Assignment: For the lines from the one with "In phase one, the" to the end of the listing below, both ends included, give an exact copy and nothing more. Do not copy pictures.

Source data:
/---
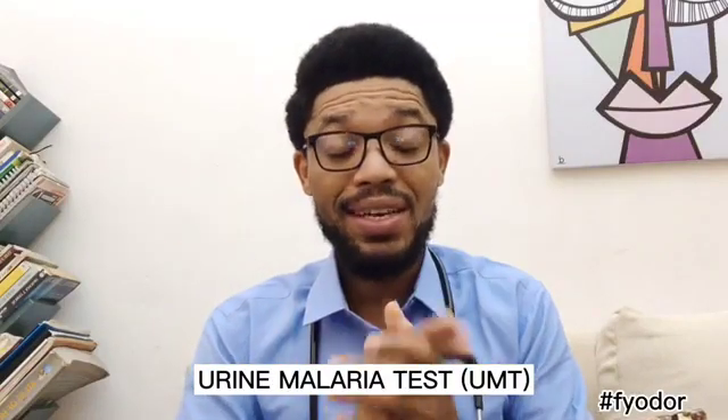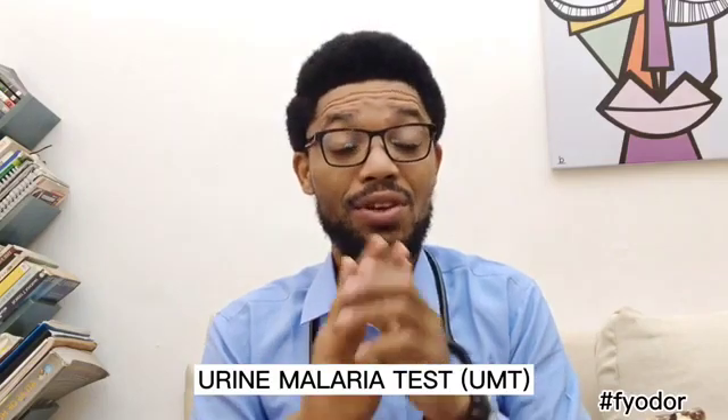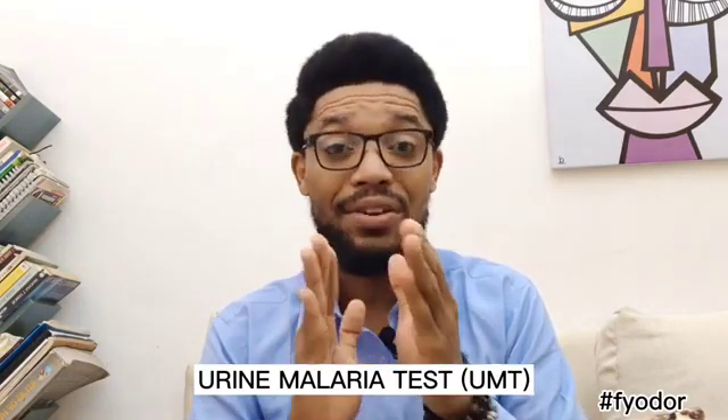Hi guys. The Urine Malaria Test is a bloodless, non-invasive, and reliable test for the rapid diagnosis of malaria. The test, which is made by US-based Fyodor Biotechnologies, simply works by checking a person's urine for malaria proteins.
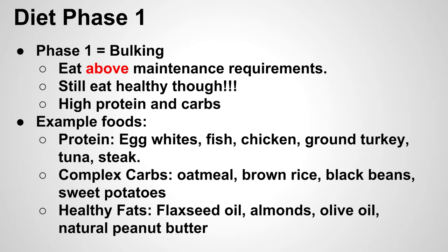In phase one, the bulking phase, you're going to eat above your maintenance requirements — the number of calories you burn throughout the day plus the calories you burn through exercise. Eating above that gives your body a surplus of nutrients to build muscle. We're going to follow a high-protein and high-carb diet. Hitting the gym hard requires a lot of energy, so you need the carbs, and since you're tearing your muscle fibers as you lift weights, you need high protein to help repair the muscle and make it come back stronger.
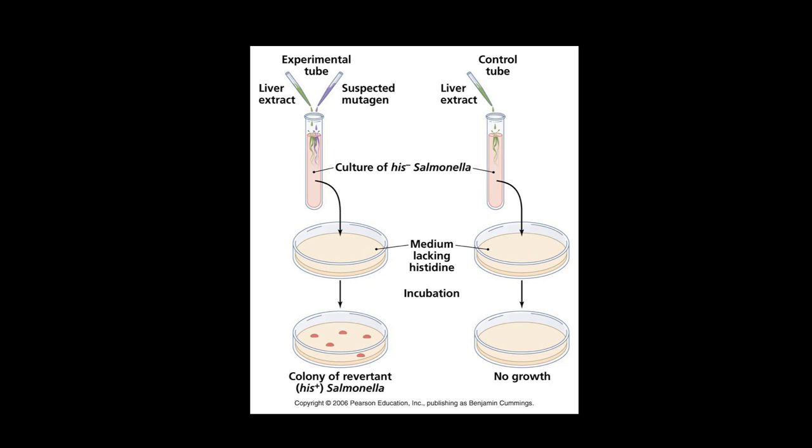What we're going to do is take this His-negative Salmonella — this bacteria that can't produce the amino acid histidine — and plate it onto media that doesn't have histidine in it. What we would expect is that the bacteria would not be able to grow. It can't produce histidine, one of the 20 essential amino acids, which means it can't make protein, and we didn't give it any histidine, so it should not be able to grow.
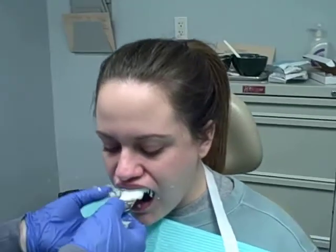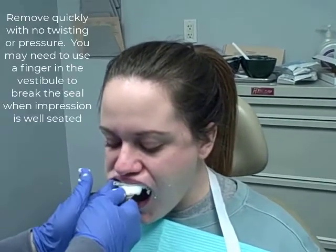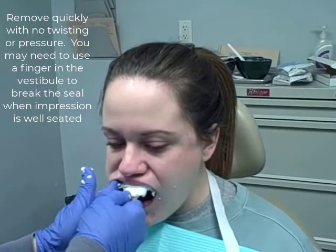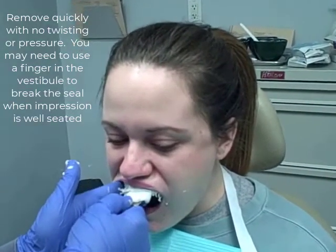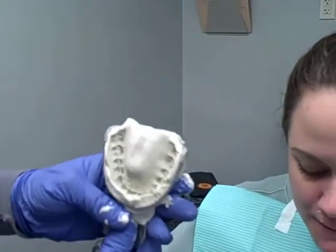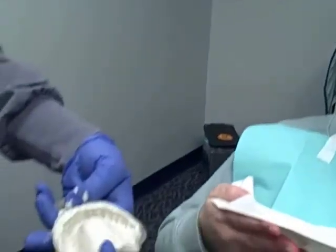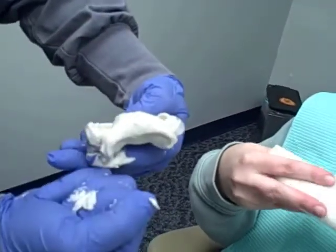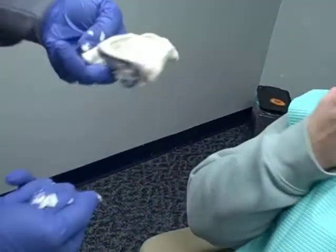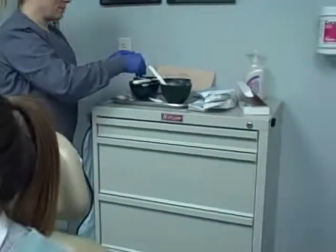And I'm going to come around, put my finger under here, kind of pop the seal. And we've got a good maxillary impression. We didn't get too much going down the back — just a little bit, not too much. She did a great job. Not all patients are that cooperative.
\---
Result below:
In phase one, the bulking phase, you're going to eat above your maintenance requirements — the number of calories you burn throughout the day plus the calories you burn through exercise. Eating above that gives your body a surplus of nutrients to build muscle. We're going to follow a high-protein and high-carb diet. Hitting the gym hard requires a lot of energy, so you need the carbs, and since you're tearing your muscle fibers as you lift weights, you need high protein to help repair the muscle and make it come back stronger.
What we're going to do is take this His-negative Salmonella — this bacteria that can't produce the amino acid histidine — and plate it onto media that doesn't have histidine in it. What we would expect is that the bacteria would not be able to grow. It can't produce histidine, one of the 20 essential amino acids, which means it can't make protein, and we didn't give it any histidine, so it should not be able to grow.
And I'm going to come around, put my finger under here, kind of pop the seal. And we've got a good maxillary impression. We didn't get too much going down the back — just a little bit, not too much. She did a great job. Not all patients are that cooperative.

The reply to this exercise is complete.